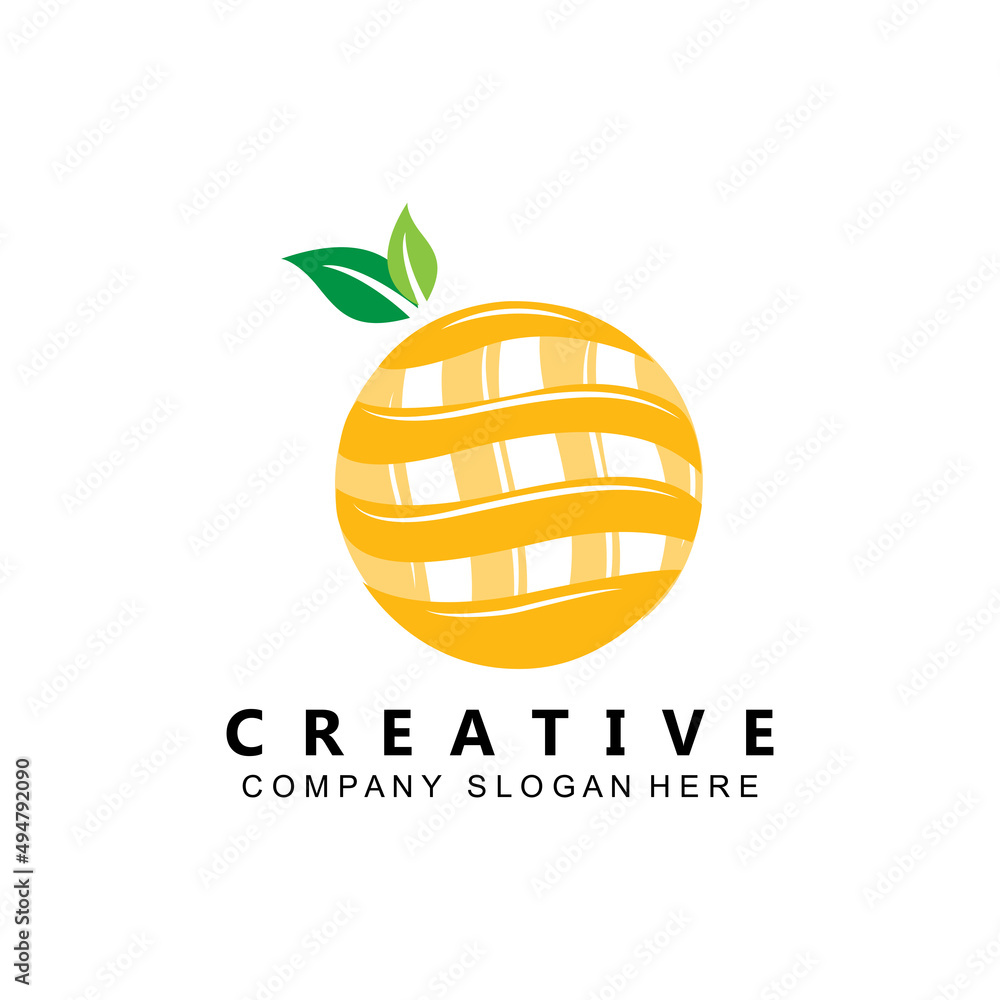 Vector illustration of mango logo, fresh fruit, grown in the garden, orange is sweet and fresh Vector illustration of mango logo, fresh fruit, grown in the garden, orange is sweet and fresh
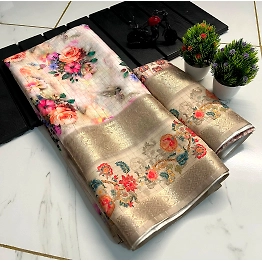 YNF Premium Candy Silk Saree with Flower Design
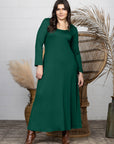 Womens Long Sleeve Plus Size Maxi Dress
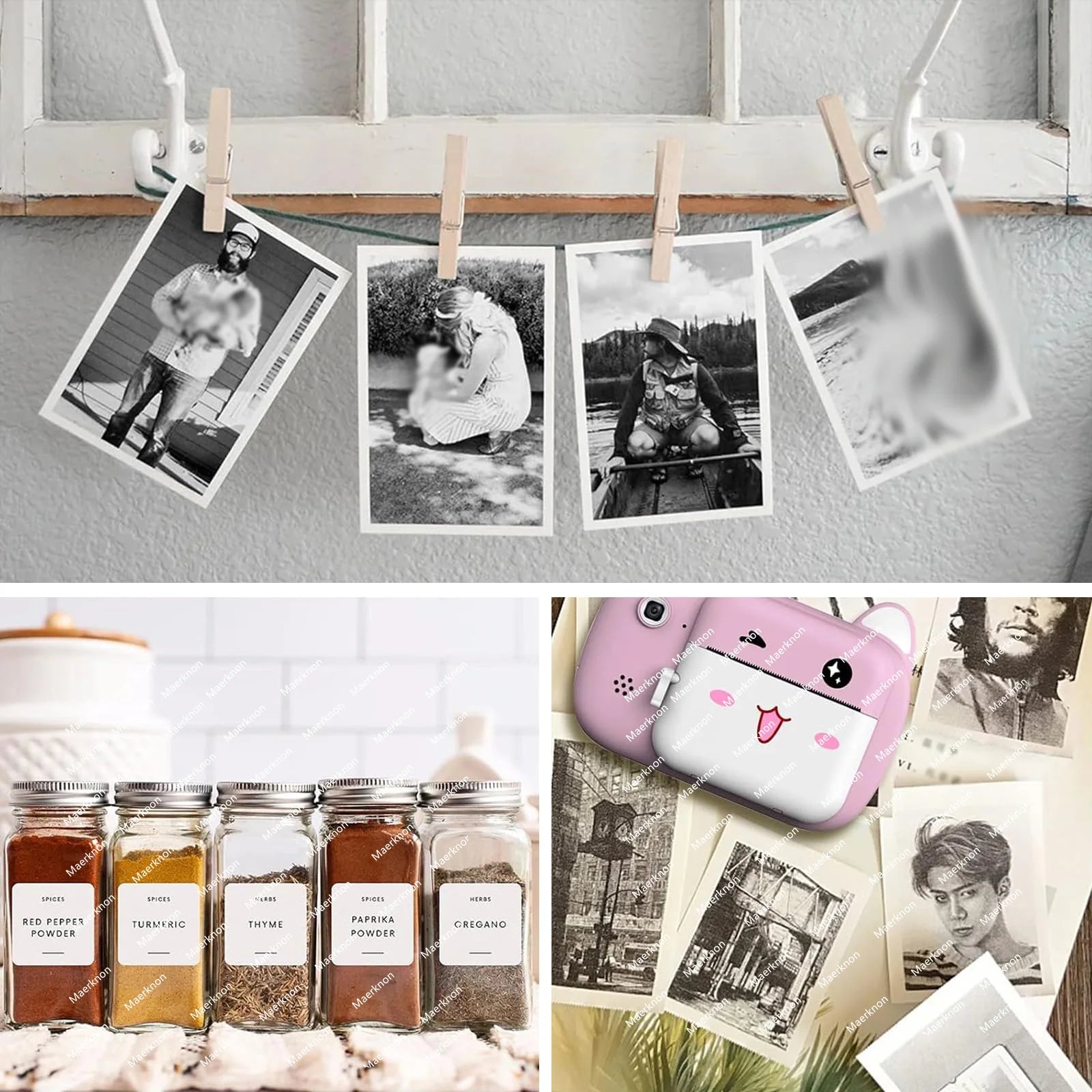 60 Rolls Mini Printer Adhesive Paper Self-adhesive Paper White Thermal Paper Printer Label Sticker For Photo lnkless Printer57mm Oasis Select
==
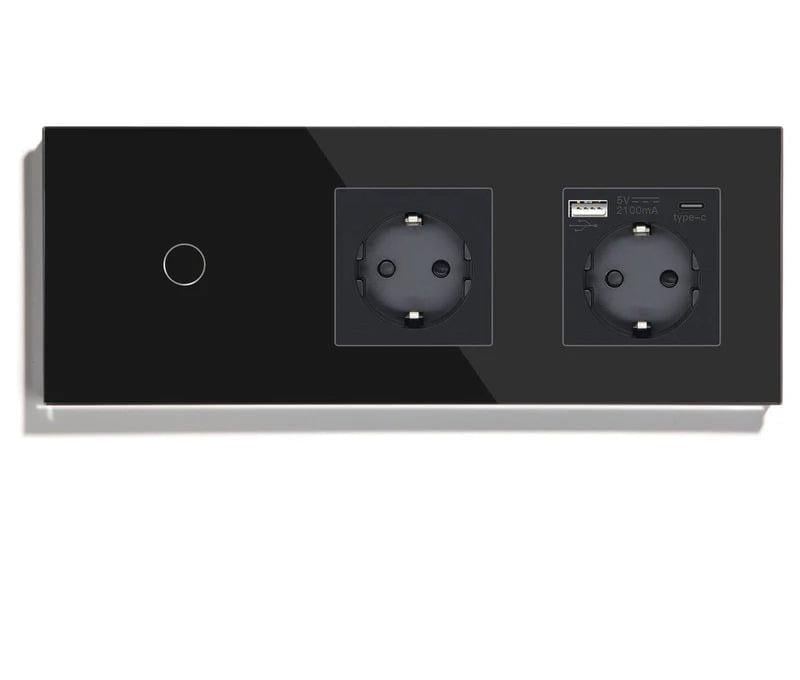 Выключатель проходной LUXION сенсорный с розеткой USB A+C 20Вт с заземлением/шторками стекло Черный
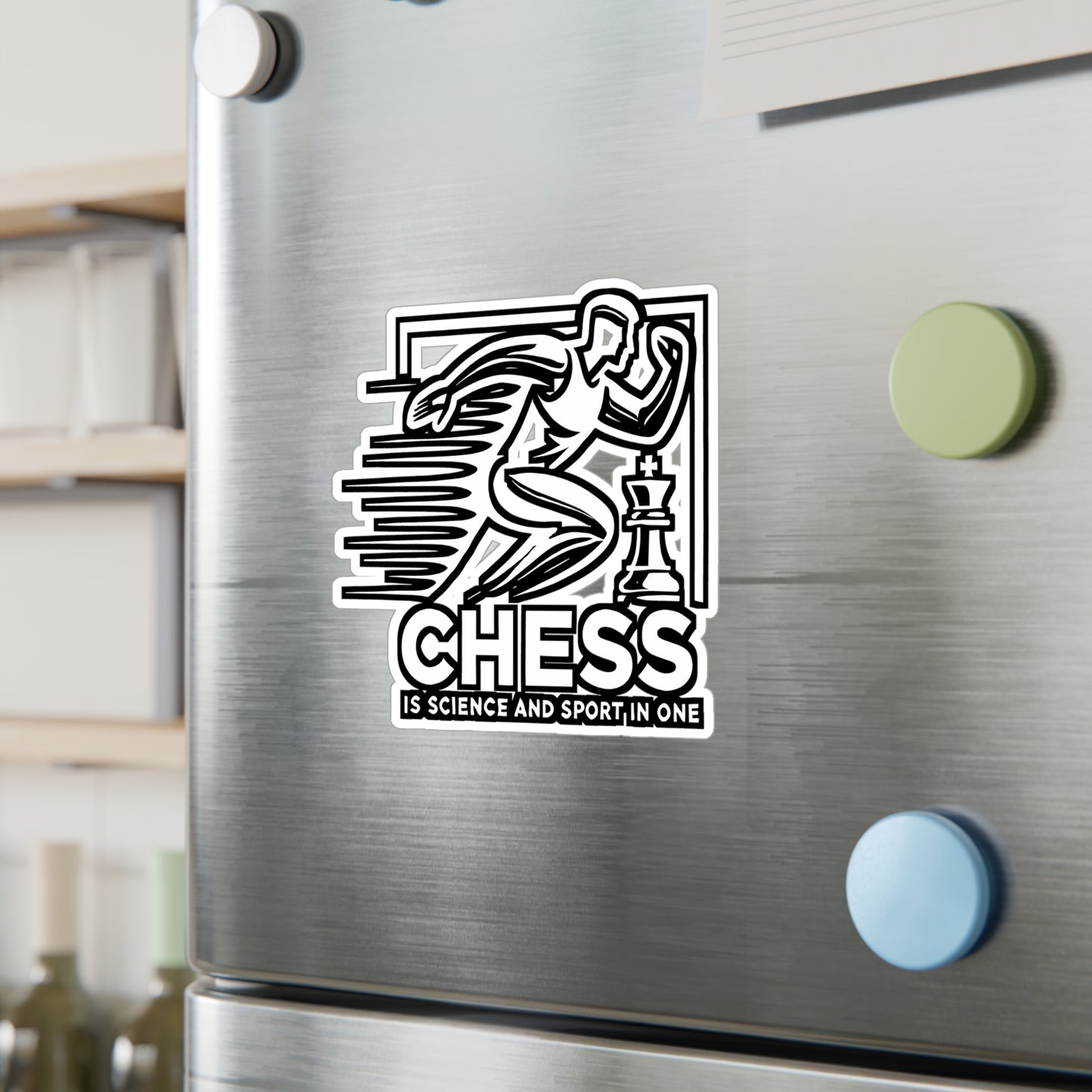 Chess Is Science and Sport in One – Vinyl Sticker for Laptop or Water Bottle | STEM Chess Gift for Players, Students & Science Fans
* * *
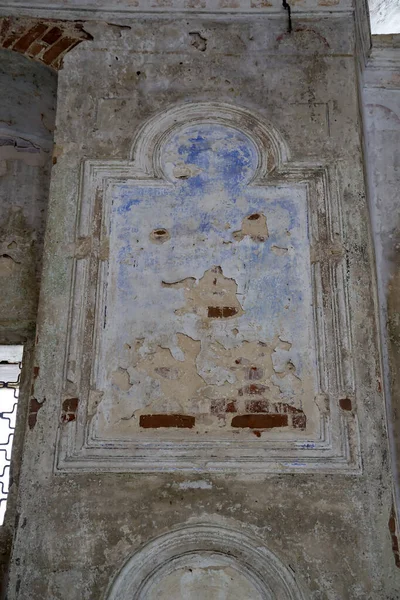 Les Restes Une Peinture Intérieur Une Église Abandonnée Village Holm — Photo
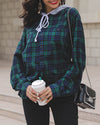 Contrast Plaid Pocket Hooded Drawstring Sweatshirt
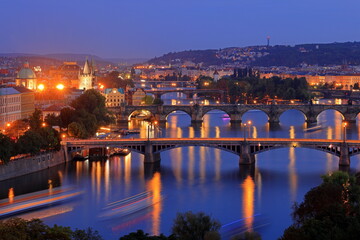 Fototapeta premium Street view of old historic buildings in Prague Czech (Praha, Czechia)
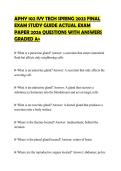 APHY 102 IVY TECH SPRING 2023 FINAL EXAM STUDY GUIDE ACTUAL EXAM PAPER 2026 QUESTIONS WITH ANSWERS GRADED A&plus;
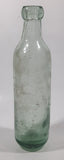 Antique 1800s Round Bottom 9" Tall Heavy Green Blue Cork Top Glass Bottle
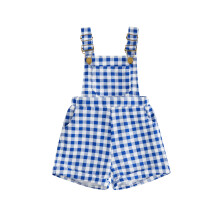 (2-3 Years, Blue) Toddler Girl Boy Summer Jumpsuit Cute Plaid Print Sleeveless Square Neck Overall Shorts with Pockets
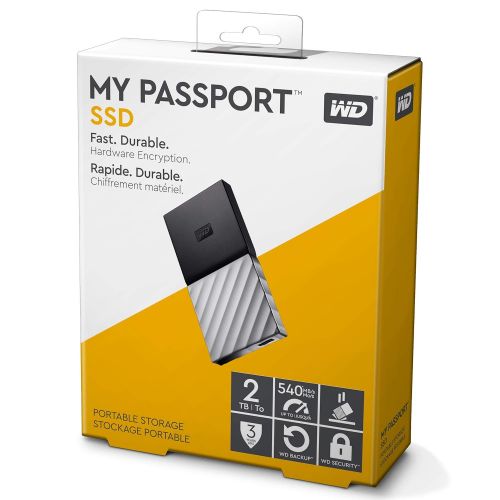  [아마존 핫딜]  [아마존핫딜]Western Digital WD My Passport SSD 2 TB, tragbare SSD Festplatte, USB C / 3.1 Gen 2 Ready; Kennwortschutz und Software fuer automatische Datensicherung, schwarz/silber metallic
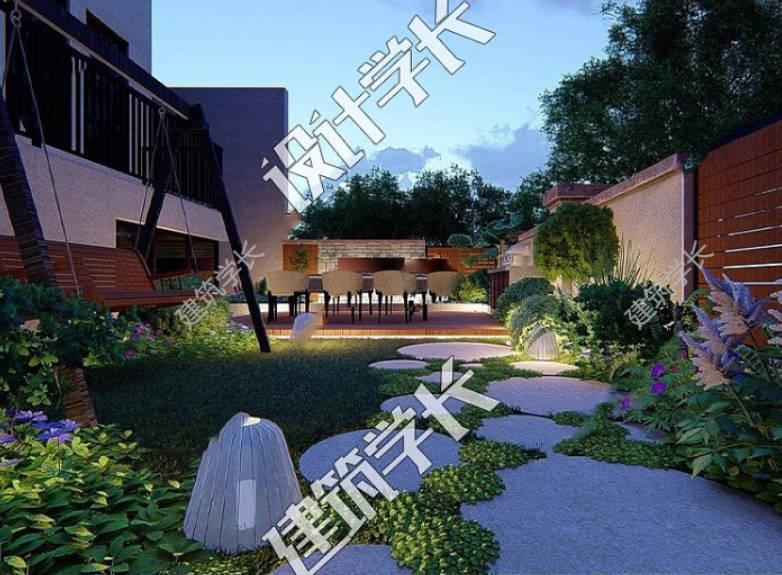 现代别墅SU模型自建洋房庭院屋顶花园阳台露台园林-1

**WORK INSTRUCTIONS:**
Restate the lines above from the one containing "Contrast Plaid Pocket" through the one containing "Antique 1800s Round", inclusive, exactly and without pictures.

**COMPLETED TASK:**
 Contrast Plaid Pocket Hooded Drawstring Sweatshirt
 Fototapeta premium Street view of old historic buildings in Prague Czech (Praha, Czechia)
 APHY 102 IVY TECH SPRING 2023 FINAL EXAM STUDY GUIDE ACTUAL EXAM PAPER 2026 QUESTIONS WITH ANSWERS GRADED A&plus;
 Antique 1800s Round Bottom 9" Tall Heavy Green Blue Cork Top Glass Bottle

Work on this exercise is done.